Blog22 Jan 2013
Our resident expert Stephen Rigden, pictured below, answers your queries.
From Lawrence Plaskett:
‘I am amazed, since I have a family chart of 1600 names, to find a surprising absence as late as WWI. My grandfather was Herbert Charles Plaskett. He was born in June 1875 and died in 1964. I knew him fairly well and I possess a short account of his life but I have little idea about his war service in WWI. I have had periods of searching for it but to no avail. I also have the 1911 census record of his family.
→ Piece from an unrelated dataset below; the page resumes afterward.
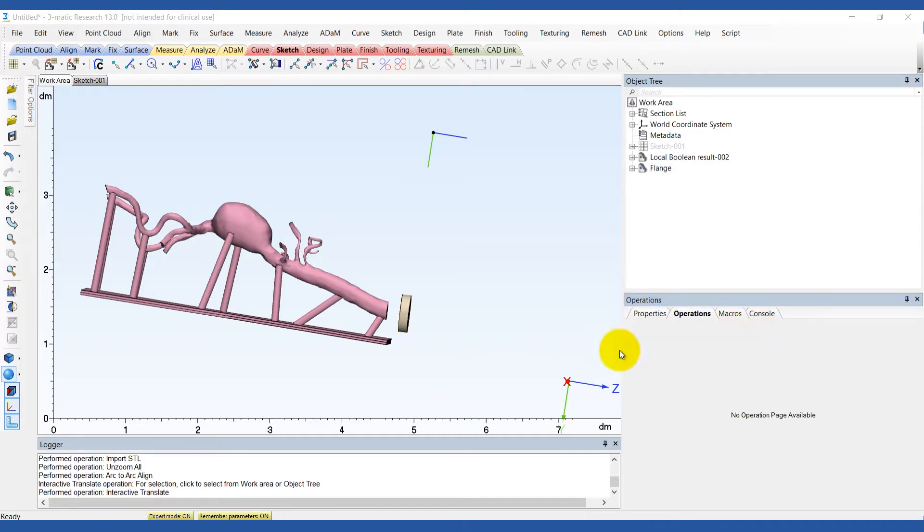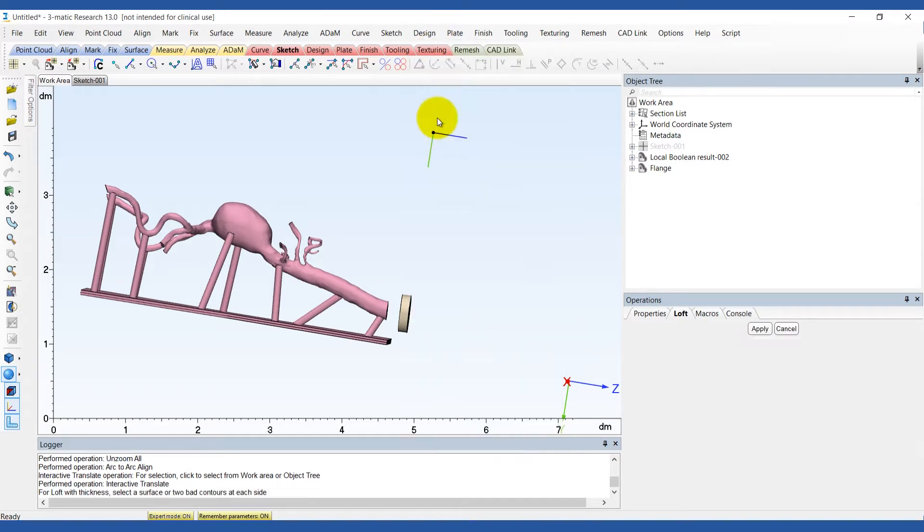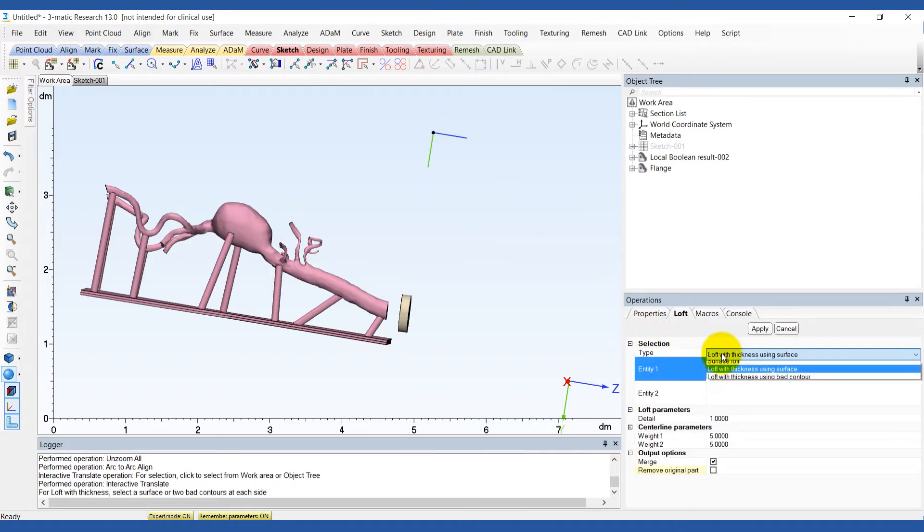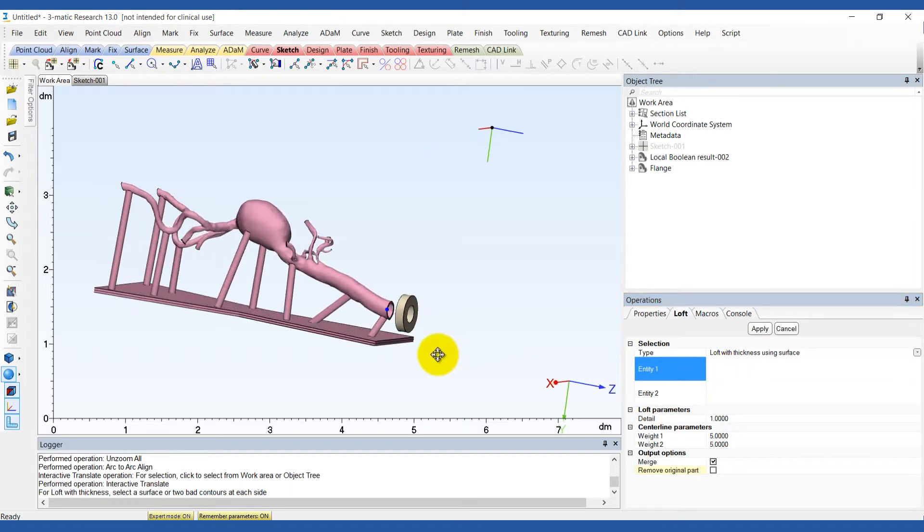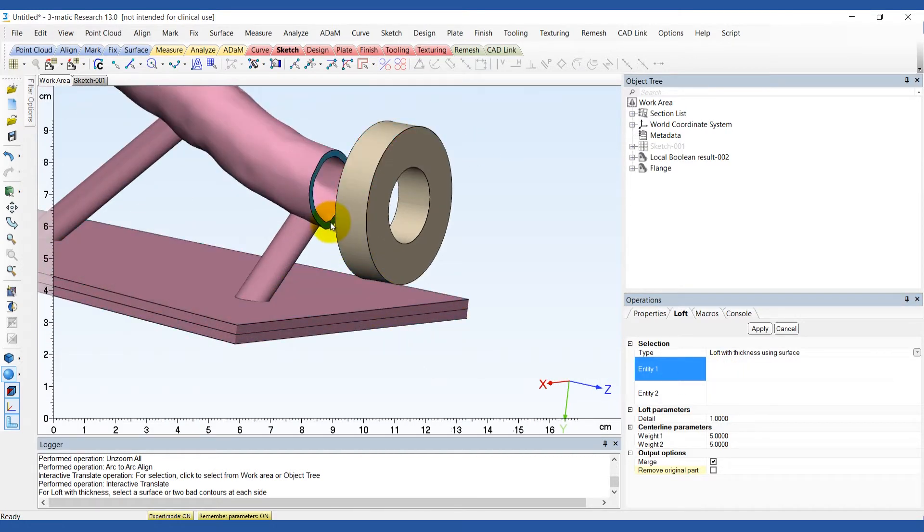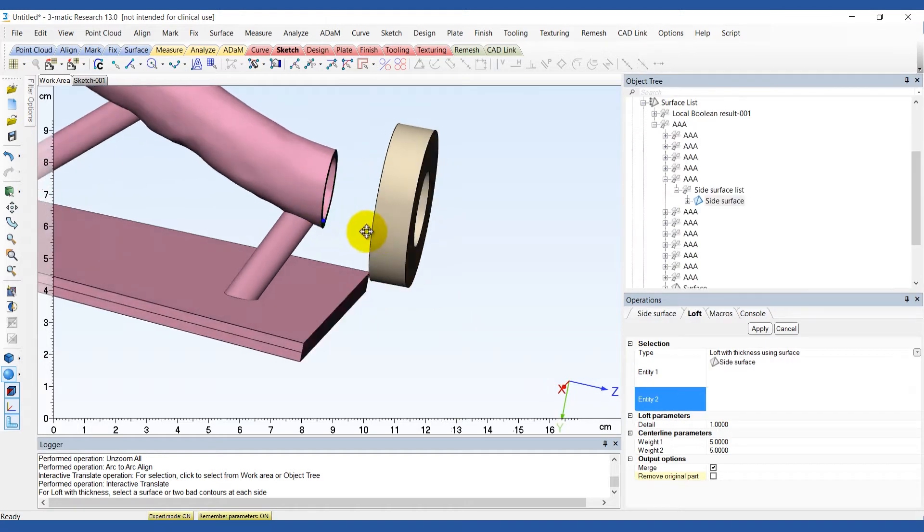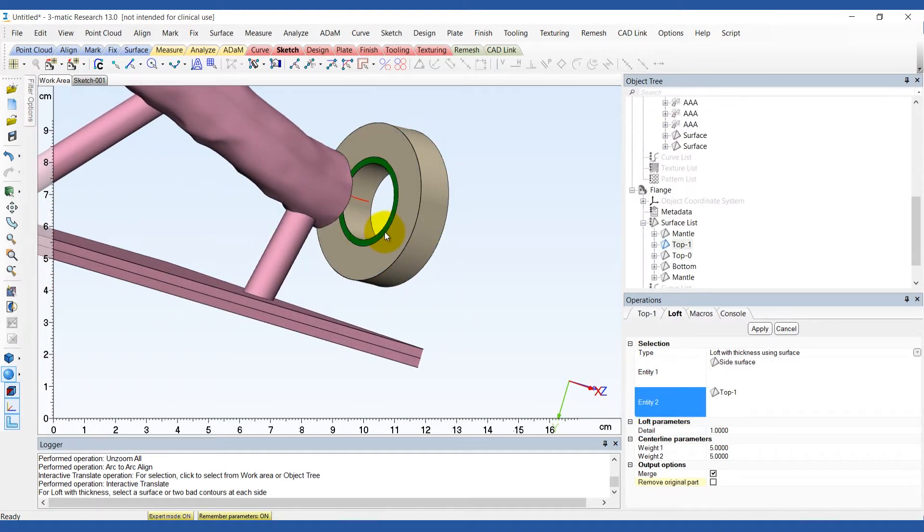Using the loft tool in the design menu, the flange can be attached smoothly to the aneurysm model. Choose loft with thickness using surface as the method and select the side surfaces of the two parts. Use the default settings and select option merge.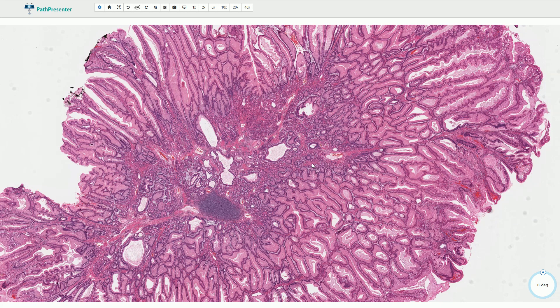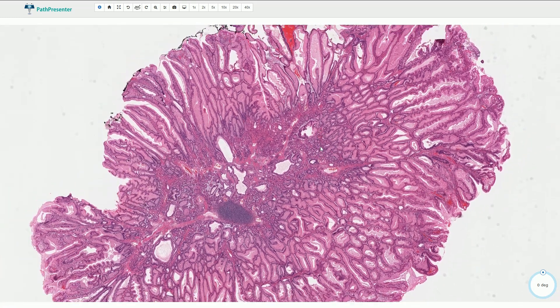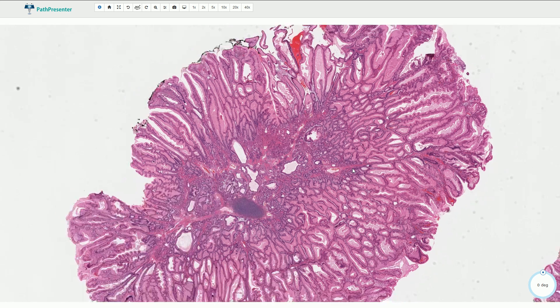They can occur in the colon, but the small intestine is also a quite common location, with the jejunum and ileum being the most common. Peutz-Jeghers polyps from the stomach are usually associated with a smooth muscle component that is slightly less prominent than in this case.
It was said in my family that Herbert went to Italy, where he backed up the forces as a lorry driver. Apparently he found it very pleasant because he could get around and visit the various art galleries of Italy, something that his menial railway job at home could not provide for him. There was no mention of warlike activities but I think that since this was often repeated it is likely to be right. I have a photo of him wearing an Air Service badge but I have no idea whether he was always in the Air Service and do not know in which year he went in and came out, but suspect 1915 as the year for entry.
Recently, on contacting my cousin, a daughter of Herbert’s sister, I was told surprising things. She lived with Herbert during his later life and said that he had a respiratory symptom that he blamed on gas that he had been exposed to on the Western front. She said he was at Ypres, where he experienced a ‘hard time’, being finally invalided out due to the exposure to gas. Was he in the Air Service there?
There were some WWI records destroyed in WWII in London. Could they have been among them? Or is there a special place to look at the Air Service records?’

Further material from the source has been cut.